Monday, September 20, 2010
It was four days of truly odd human psychology – most of it, my own. As I sat watching the ceremony and the attention lavished on my good and deserving friend, I sat observing a life that might have been mine. *If only* I’d pushed a little harder, I could have squeaked into the Air Force Academy. *If only* I’d focused in, I could have gotten a degree in astro-engineering, too, and come at a career similar to Kurt’s from the civilian side. Even at the reception and party, I listened in fascination and in horror as I heard myself say stupid things like “I tried to be one of Kurt’s upper classmen. Washed out at the physical.” While strictly speaking, this may be true, why was I saying it at all? As if my life right now, the way it is, weren’t enough? What strange and remote human drive propelled me to make what amounted to excuses for not ending up in the military with a retirement ceremony of my own?
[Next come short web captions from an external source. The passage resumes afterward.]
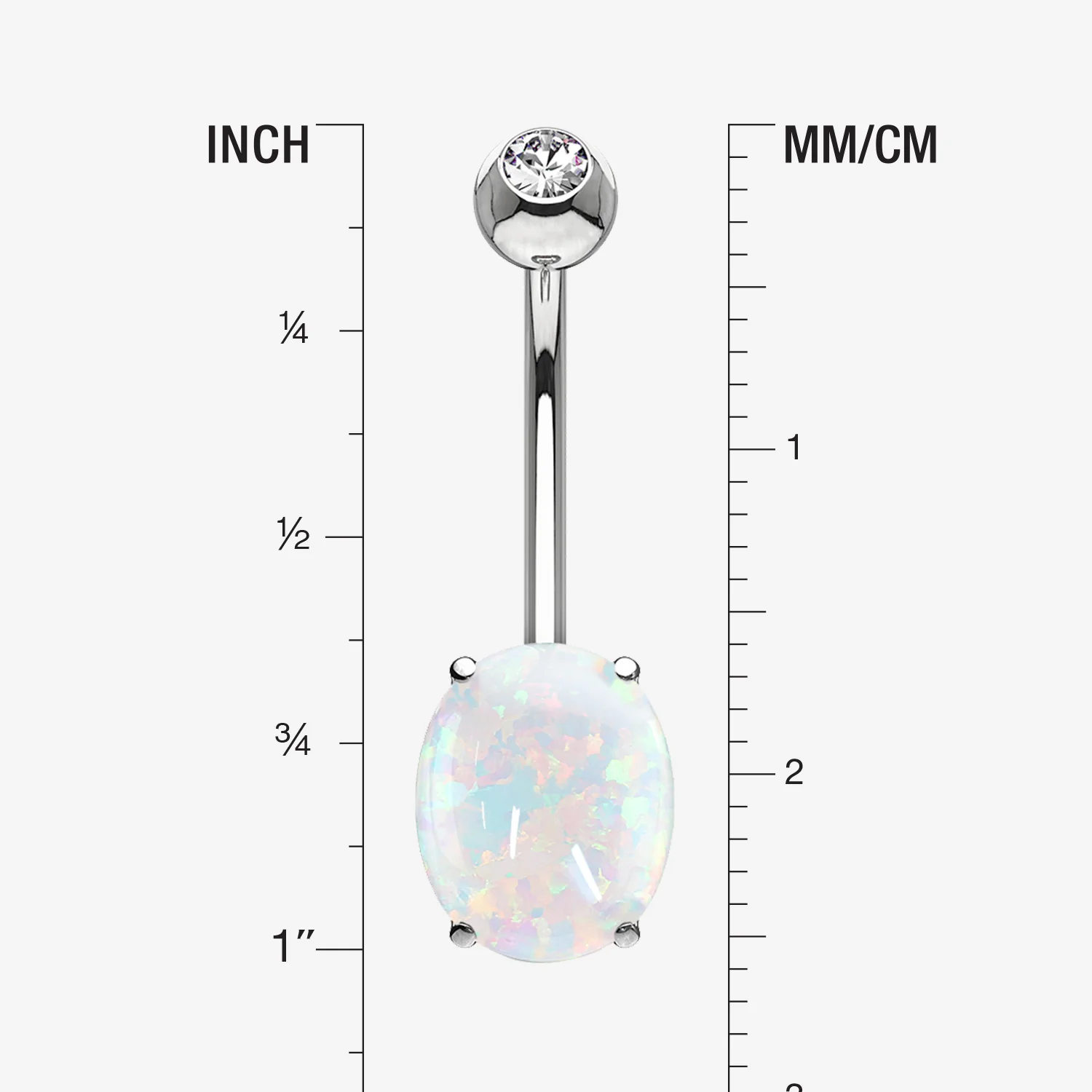 14 Karat White Gold Prong Set Fire Opal Sparkle Belly Button Ring - Image 2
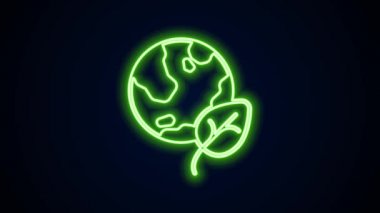 Parlayan neon hattı Dünya küresi ve yaprak ikonu siyah arka planda izole edildi. Dünya ya da Dünya işareti. Geometrik şekiller. Çevresel konsept. 4K Video hareketli grafik canlandırması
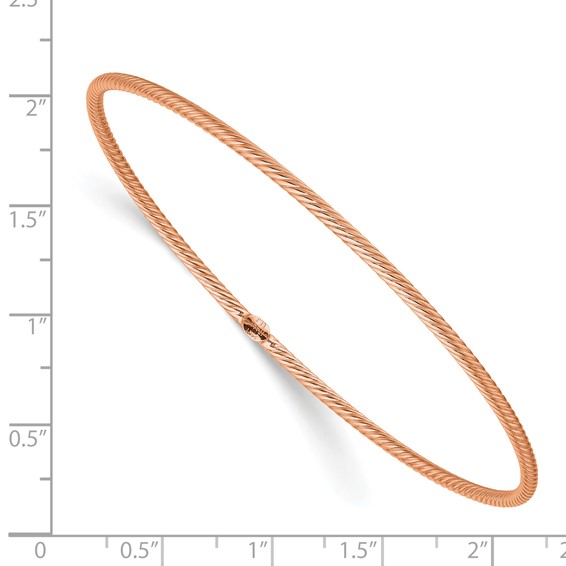 Leslie's 14K Rose Gold Polished Textured Slip-on Bangle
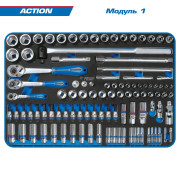 Набор инструментов "ACTION" в чёрной тележке, 327 предметов KING TONY 9G35-327MRV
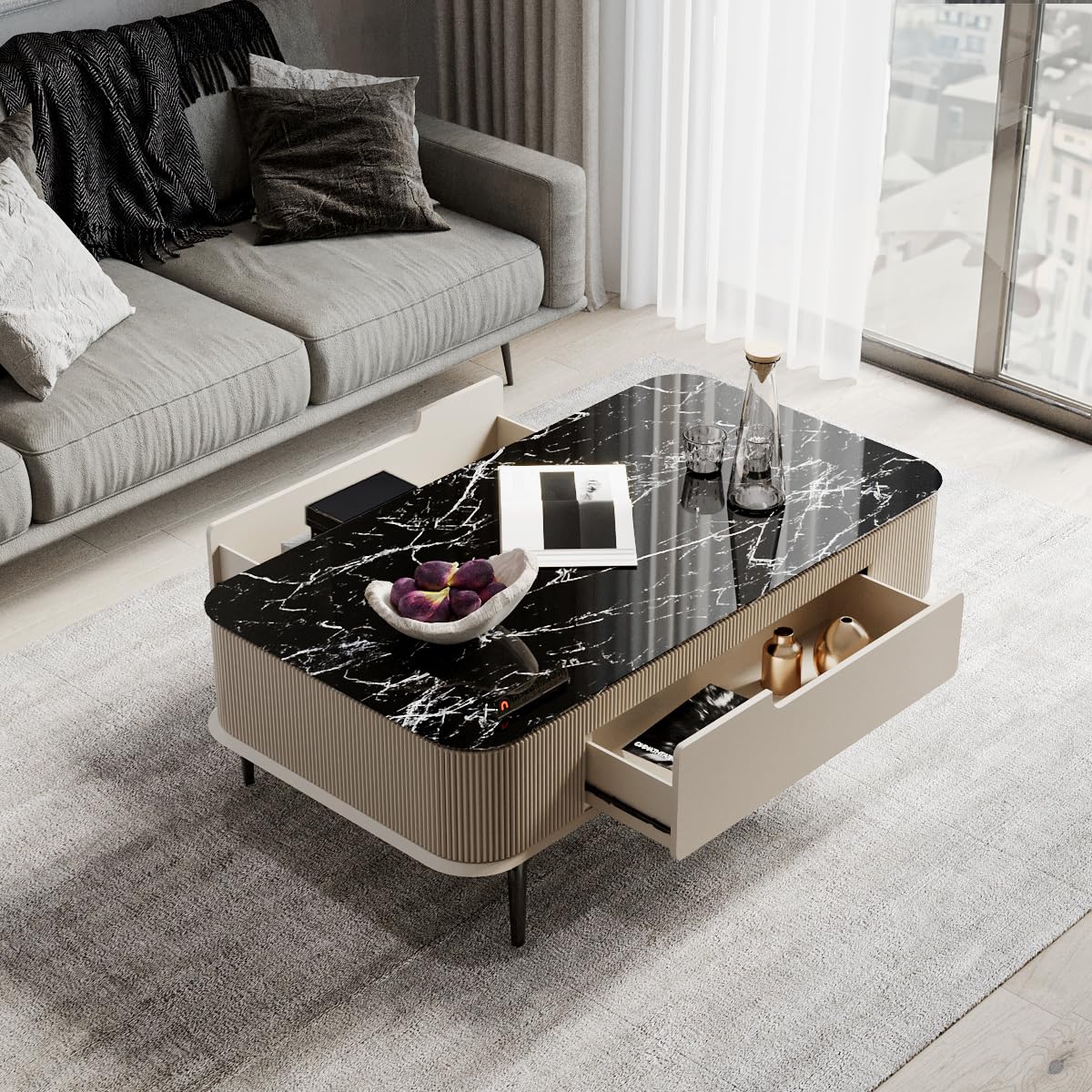 Decornation Valencia Coffee Table in Blush Coral Finish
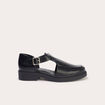 Derbies denim noir enduit femme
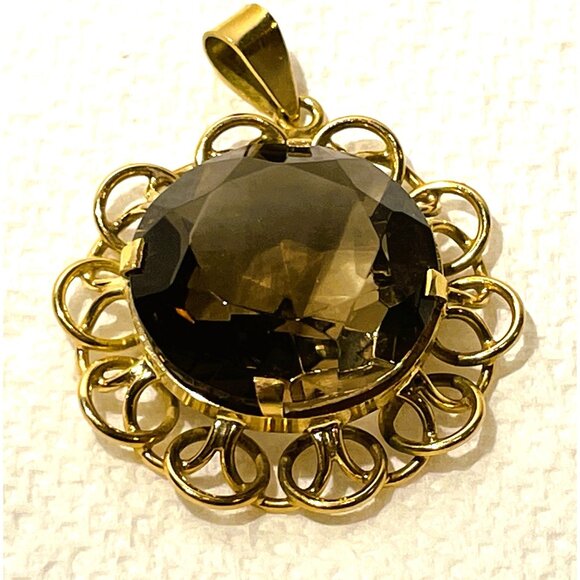 Vintage Italian 18K Gold Pendant With 19mm Smoky Quartz Stone - Picture 5 of 14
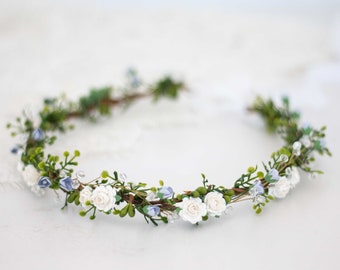 White lavender purple flower crown wedding, dainty floral wreath for bride or bridesmaids, flower girl halo, fine hair wreath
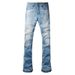 Men's Loose Straight Leg Jeans American Hand Painted Graffiti Fashionable Print Casual Retro Men's Pants_mkmklike.com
I suspect it has something to do with what Kurt said about making a difference. During Kurt’s career in the Air Force, he’s had direct and lasting impact on the security of the nation and on the safety of US troops. That’s a solid, shining example of making a difference in the world. I’m an author. And while I’d like very much to believe that the arts make a difference in the world, too, I have to be content with making a difference in one person’s life at a time. First, I aspire to write books that are considered ‘keepers’. Then I remember that maybe what Kurt and I do is related – auxiliary family after a fashion. Because people are willing to serve in the military, people like me get to write what we want (within non-libelous reason) and hopefully touch someone long after we’ve turned to dust.